GAY CULTURE IN AMERICA

Essays From the Field

edited by Gilbert Herdt

Pub Date: Jan. 10th, 1992
ISBN: 0-8070-7914-6
Publisher: Beacon Press

Dedicated to ``the gay men and lesbians of American intellectual life''—a collection of generally scholarly essays that examine the status, behavior, and values of some segments of the gay community, emphasizing changes that have occurred since 1969's Stonewall Riot. Editor Herdt (Psychology/Univ. of Chicago) opens with a heavily documented essay, co-authored by Andrew Baxter, surveying the history of the gay community and the challenges it faces now that it is emancipated from the connotations of homosexuality as furtive and diseased. Using the anthropological perspective of his Guardians of the Flute (1980), Herdt describes in a follow-up essay the rites of passage of adolescent gays at Horizon Community Center in Chicago. Focusing on an older group in ``The Life and Death of Gay Clones,'' Martin P. Levine tests ``constructionist theories'' of ``social types,'' attributing the disappearance of the ``doped- up, sexed-out Marlboro Man'' of the 70's to the ``ethics of constraint and commitment'' that altered the rest of society.
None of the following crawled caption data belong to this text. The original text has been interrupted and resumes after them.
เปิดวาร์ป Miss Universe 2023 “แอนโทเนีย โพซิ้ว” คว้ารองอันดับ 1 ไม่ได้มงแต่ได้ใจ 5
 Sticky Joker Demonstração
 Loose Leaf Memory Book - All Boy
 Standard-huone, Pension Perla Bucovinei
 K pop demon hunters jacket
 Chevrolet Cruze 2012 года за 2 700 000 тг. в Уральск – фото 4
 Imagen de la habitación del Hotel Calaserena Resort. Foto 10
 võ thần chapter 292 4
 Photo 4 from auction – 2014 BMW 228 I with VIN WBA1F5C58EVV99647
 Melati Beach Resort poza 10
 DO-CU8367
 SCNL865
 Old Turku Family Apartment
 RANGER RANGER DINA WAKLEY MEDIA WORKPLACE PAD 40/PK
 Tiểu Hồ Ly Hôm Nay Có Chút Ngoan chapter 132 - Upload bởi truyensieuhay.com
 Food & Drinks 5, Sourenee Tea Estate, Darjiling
Assimilation as a theme appears in all the essays—in studies of subcultures in Los Angeles (E. Michael Gorman) and San Francisco (Stephen O. Murray), even in the sexual history of a Mexican- American (Joseph Carrier). Lamenting the lack of data, John L. Peterson avoids the use of the term ``gay'' in his study of black men with ``same sex desires,'' claiming that many black men act them out without becoming gay. And effeminate men are of little interest to any of the essayists, who find that bars, gay parades, coming-out, and AIDS are among the few distinguishing features of a once highly adversarial counterculture—one that, Herdt says, is as diverse as the rest of the population, responding to the same economic and political pressures, including the decline of casual sex. Overall, ponderous and dry (though Carrier's ``Miguel: Sexual Life History of a Gay Mexican American'' proves a notable exception).